Ella y varios más la siguieron por una escalera caracol diminuta hasta salir a una terraza enorme. Miró hacia la calle, los adoquines brillaban de humedad. Distinguió la cúpula de la Iglesia Ortodoxa Rusa frente al Parque Lezama. Sintió que el tango de la fiesta se apagaba y empezaba otra música, pero no pudo reconocer qué era. Apenas un eco, como si llegara desde el fondo del Río de la Plata.

Esa noche el viento soplaba cada vez más fuerte, le pareció que las copas de los árboles se agitaban como anémonas. A las anémonas las había conocido en un viaje con Sol, de chicas. Habían aprendido que esos peces podían vivir cien años, eran expertos en sobrevivir fuera del agua. Se acercó a dos jóvenes altos y musculosos que conversaban con su amiga. Le asombró que uno de ellos, el más hermoso de todos los invitados, fuera vestido con una falda escocesa. Sol estaba contando una anécdota del ashram de Osho, y hablaba de un sitio llamado Puna.

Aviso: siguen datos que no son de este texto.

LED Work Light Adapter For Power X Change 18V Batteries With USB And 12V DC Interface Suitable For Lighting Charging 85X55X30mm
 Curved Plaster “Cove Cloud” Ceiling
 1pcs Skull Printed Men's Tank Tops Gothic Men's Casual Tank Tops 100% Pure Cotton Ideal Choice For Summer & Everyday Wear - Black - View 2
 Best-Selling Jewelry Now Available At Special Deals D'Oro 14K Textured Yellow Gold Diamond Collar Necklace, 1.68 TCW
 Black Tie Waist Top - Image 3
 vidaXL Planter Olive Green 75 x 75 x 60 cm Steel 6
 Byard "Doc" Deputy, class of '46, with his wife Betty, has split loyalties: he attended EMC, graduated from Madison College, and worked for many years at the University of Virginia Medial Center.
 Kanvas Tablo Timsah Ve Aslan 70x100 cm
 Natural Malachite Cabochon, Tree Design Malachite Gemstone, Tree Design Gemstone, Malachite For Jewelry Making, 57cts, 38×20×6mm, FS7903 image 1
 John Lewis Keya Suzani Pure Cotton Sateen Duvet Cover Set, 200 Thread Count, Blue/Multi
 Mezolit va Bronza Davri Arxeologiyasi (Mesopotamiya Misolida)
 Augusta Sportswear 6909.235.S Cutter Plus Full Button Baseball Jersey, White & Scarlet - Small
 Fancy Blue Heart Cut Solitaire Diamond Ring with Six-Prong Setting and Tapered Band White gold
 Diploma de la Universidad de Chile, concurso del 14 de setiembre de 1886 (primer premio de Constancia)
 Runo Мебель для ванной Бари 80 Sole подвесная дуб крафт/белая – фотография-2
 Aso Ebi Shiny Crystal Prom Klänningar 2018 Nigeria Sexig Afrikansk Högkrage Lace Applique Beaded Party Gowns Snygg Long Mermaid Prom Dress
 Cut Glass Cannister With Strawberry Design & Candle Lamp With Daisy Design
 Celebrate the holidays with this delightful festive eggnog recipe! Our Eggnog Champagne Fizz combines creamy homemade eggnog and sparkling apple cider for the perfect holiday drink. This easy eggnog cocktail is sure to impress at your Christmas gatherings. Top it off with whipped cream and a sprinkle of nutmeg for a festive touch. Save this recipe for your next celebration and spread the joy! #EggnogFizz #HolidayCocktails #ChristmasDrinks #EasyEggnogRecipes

—¿Puna es en Jujuy? —preguntó ella.

Sus amigos se rieron a carcajadas.

—Ay, mi amiga del alma. Puna —le explicó—, Puna, Pune, es en India.

Un relámpago iluminó por un segundo la terraza. El señor pollera propuso que esperaran la tormenta mirando el cielo. Ella dijo “ya vuelvo” y se fue al living. El alcohol le estaba dando hambre. En la mesa ratona había un bol con una pasta de un verde grisáceo y unas tostadas que se habían quemado. Llenó su copa de vino.

—¿No vas a probar mi guacamole? —gritó Sol desde la puerta de la terraza.

Eligió la tostada menos quemada y la hundió en el bol. El guacamole tenía un aspecto descolorido pero en el paladar era rico, sabroso, ácido, abría los sentidos. Picante. Sintió que le ardía la lengua y supo que esa era la sensación más extrema que le depararía la fiesta.